FCC Starts Spectrum Scavenging Effort

The Federal Communications Commission released a public notice Friday that seeks input on allocating the 35 MHz spectrum currently used primarily by weather balloons and weather satellites for wireless broadband. The spectrum, which sits between 1675 and 1710 MHz, is known as the Big LEO band; using it would help achieve the goal outlined in the National Broadband Plan of finding 300 MHz for wireless broadband within the next five years.

The Big LEO band is part of the spectrum allocated for mobile satellite services, which also encompasses L-band and S-band spectrum and totals 90 MHz. The FCC is giving citizens and businesses until June 28 to let the agency know if they are using the band, what for and when. The FCC also wants to know if there’s a more efficient way that some of the traffic transmitted through those airwaves on behalf of the government could be sent via terrestrial networks.

Since the government is already using these airwaves, and seems OK with possibly sharing them or giving them up entirely for wireless broadband, the public notice is the first step toward figuring out if and how the FCC could allocate 35 more megahertz for operators so they can support you playing Farmville on your iPhone or possibly streaming Pandora.

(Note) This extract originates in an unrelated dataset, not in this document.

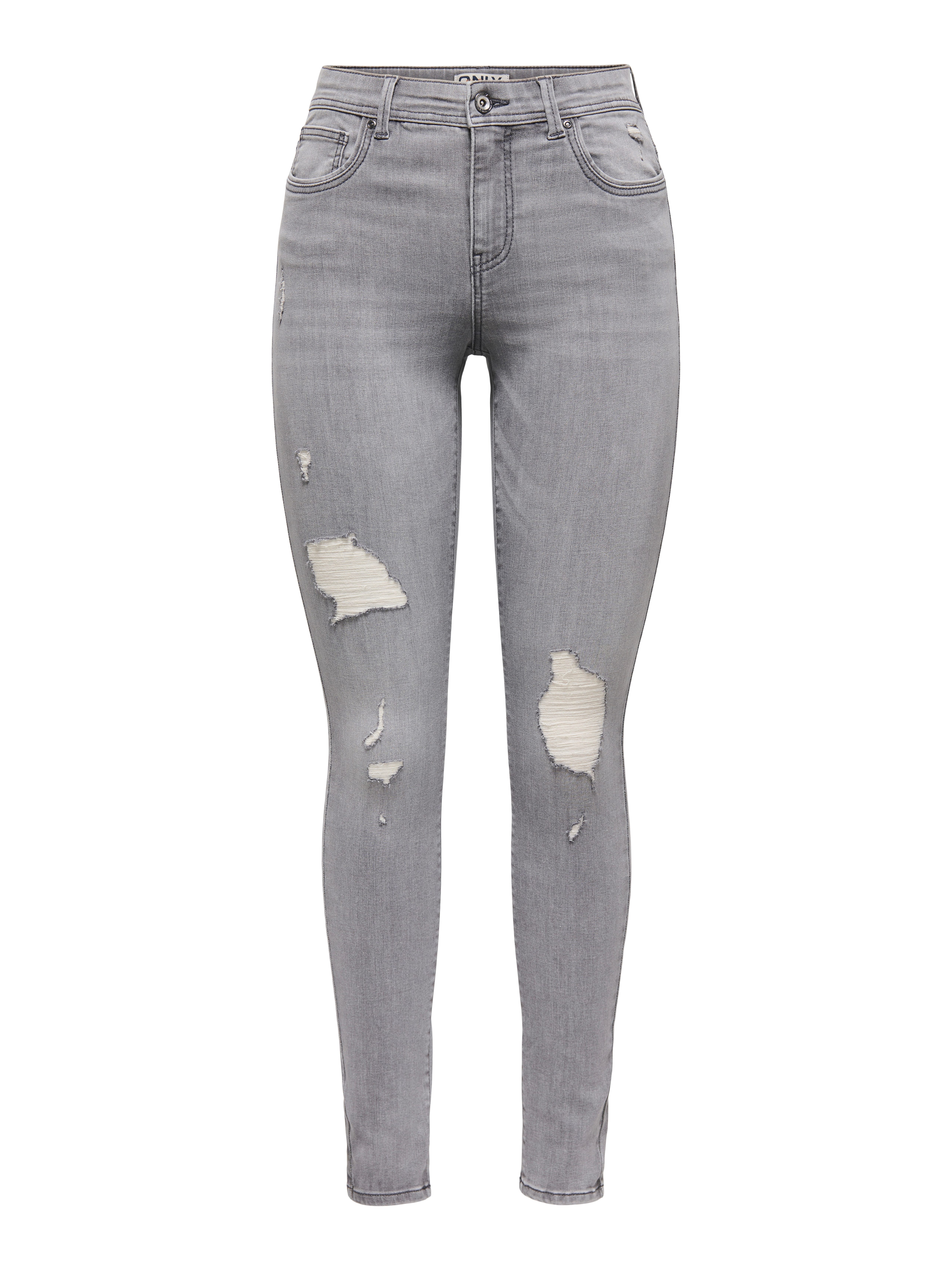 Only Skinny fit jeans ONLWAUW MID WAIST DES SK DNM PIM
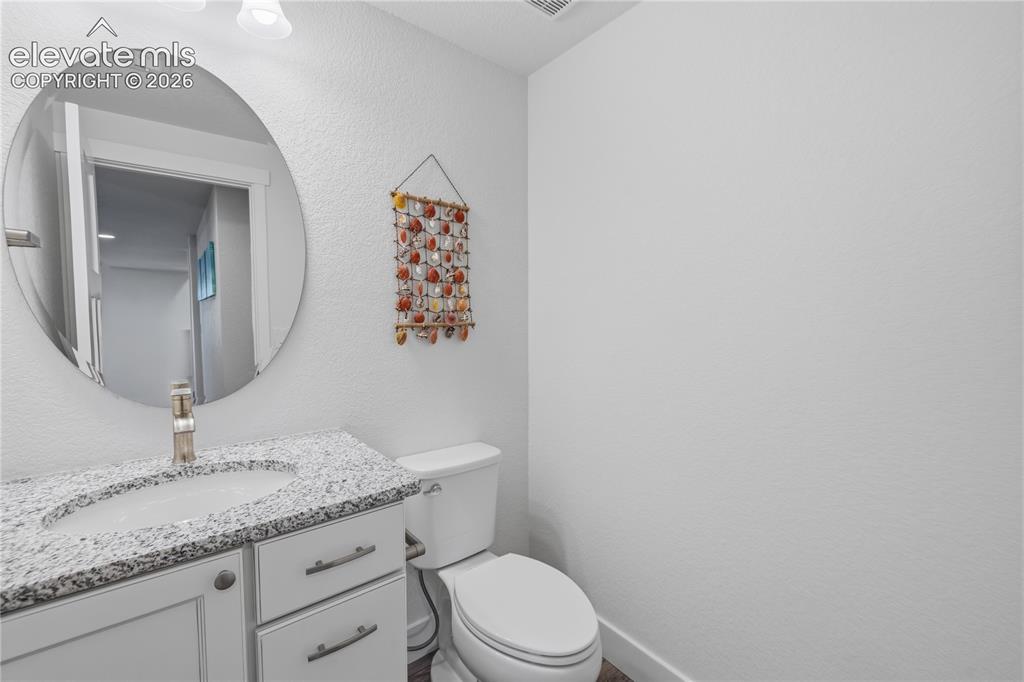 1952 Clayhouse Drive Colorado Springs CO 80921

So if you’re using that block, now’s your chance to speak now or forever hold your peace.

Related GigaOM Pro content (sub req’d):
Everybody Hertz: The Looming Spectrum Crisis

3 Responses to “FCC Starts Spectrum Scavenging Effort”

  1. I am weak on my spectrum knowledge but I understand its critical importance when it come to wireless broadband. Mobile operators are moving quickly and adopting HSPA+, LTE and LTE Advanced. These radio interfaces are lynch pins. This is especially true since Cisco’s VNI study reports — “Globally, mobile data traffic will double every year through 2014, increasing 39 times between 2009 and 2014.”

  2. Wasn’t a lot of this spectrum dedicated to mobile voice and data using satellites in low earth orbit? There’s already a lot of hardware “up there” dedicated to using chunks of this spectrum, Iridium probably being the most famous example. I think the DOD is biggest and maybe the only Iridium user these days, obviously for tasks that can’t be done with terrestrial hardware. It’s hard to see where this will go.